而这场流言风暴的幕后黑手黄美娟,看到老宅里暗流涌动的风向变化,看到有些人开始用那种掺杂着“同情”、“了然”甚至一丝“轻视”的目光看自己,而非再用那种羡慕嫉妒恨的眼神仰望长房,心底竟可悲地生出一丝扭曲畸形的快感和成就感。对!就是这样!就算我暂时不能立刻给砚国找到媳妇生下孙子,你林晚星也别想舒舒服服地过日子!你想靠着儿子稳坐钓鱼台?我偏要让你坐不安稳!我要让所有人都觉得你是个不能再下蛋的母鸡,是个福薄命苦的女人,看你和你那几个孩子还能得意多久!

但她显然再一次严重低估了自己儿子的正直底线,也低估了陆砚川那看似不动声色、实则洞若观火的敏锐洞察力。

陆砚国在一次休假日回家时,偶然听到两个刚留头的小丫鬟躲在连接前后院的回廊角落里,一边嗑瓜子一边小声议论着什么“晚星小姐真是可怜”、“年纪轻轻就……”、“以后再也不能生了可怎么办哟”之类的话,顿时火冒三丈,一股热血直冲头顶。

他当即铁青着脸,直接冲到母亲的房间,连门都忘了敲,气得声音都在发颤:“妈!外面那些关于大嫂的乱七八糟的混账话,是不是您!是不是您让人传出去的?您怎么能这么……这么恶毒?用这种下三滥的手段去编排诅咒大嫂?您还嫌这个家被您搅和得不够乱吗?爸爸已经被您……”

黄美娟先是一惊,手里的茶盏差点摔了,随即像是被踩了尾巴的猫,恼羞成怒,猛地拔高声音打断儿子:“你胡说什么八道!我什么时候传了?那是别人说的!关我什么事?她自己身体不好,福薄命浅,还不许别人说句实话了?”她色厉内荏,眼神躲闪,根本不敢直视儿子那双充满了愤怒和失望的清澈眼眸。

“身体不好?您怎么知道她身体不好?您亲眼看见了?还是您又安排了什么见不得人的手段去害她了?”陆砚国步步紧逼,眼神锐利如刀,仿佛要劈开母亲所有的伪装,直刺她最阴暗的内心,“妈!您到底要执迷不悟到什么时候?您看看您现在都成什么样子了!”

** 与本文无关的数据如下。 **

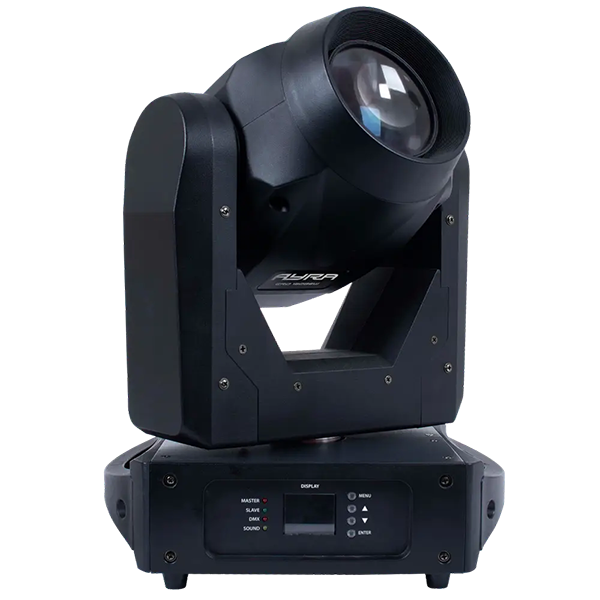 Movinghead 150W BSW (Beam, Spot, Wash)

“你……你放肆!我是你妈!你怎么敢这么跟我说话?你给我滚出去!我不想看见你!”黄美娟被儿子连珠炮似的质问逼得哑口无言,心虚和愤怒交织,只能靠尖叫和母亲的权威来强行掩饰自己的慌乱与不堪。

陆砚国看着母亲那副气急败坏、心虚又强撑的模样,眼中最后一丝期望也熄灭了,只剩下深深的失望和一种无力回天的痛心。他最终一言不发,只是用那种冰冷而陌生的眼神看了母亲最后一眼,猛地转身,大步离去。母子之间那本就巨大的裂痕,在这一刻,轰然塌陷,变成了一道几乎无法逾越的深渊。

与此同时,陆砚川派去深入调查黄美娟异常资金流向的心腹,也有了更惊人、更令人不安的发现——有一笔数额巨大的款项,通过极其复杂的海外空壳公司多层周转,最终竟然流入了一个国际刑警组织都标注为“高度关注”的、与东南亚某个臭名昭着、专门从事下降头、养小鬼等阴毒邪术的邪教组织有关的秘密账户。结合老宅内部突然兴起的、针对性极强的恶毒流言,陆砚川坐在书房宽大的扶手椅里,指尖有一下没一下地敲击着光滑的红木桌面,发出沉闷而规律的声响,眼神彻底冷了下来,如同结了一层寒冰。

看来,他这位二婶,已经不仅仅是局限于家族内部争风吃醋、搞些上不了台面的小动作了。她的疯狂和恶毒,已经彻底失控,远远超出了宅斗的底线,开始触碰并勾结那些真正阴暗邪恶、足以毁灭一切的可怕力量。这已经不是简单的愚蠢,而是彻头彻尾的疯狂!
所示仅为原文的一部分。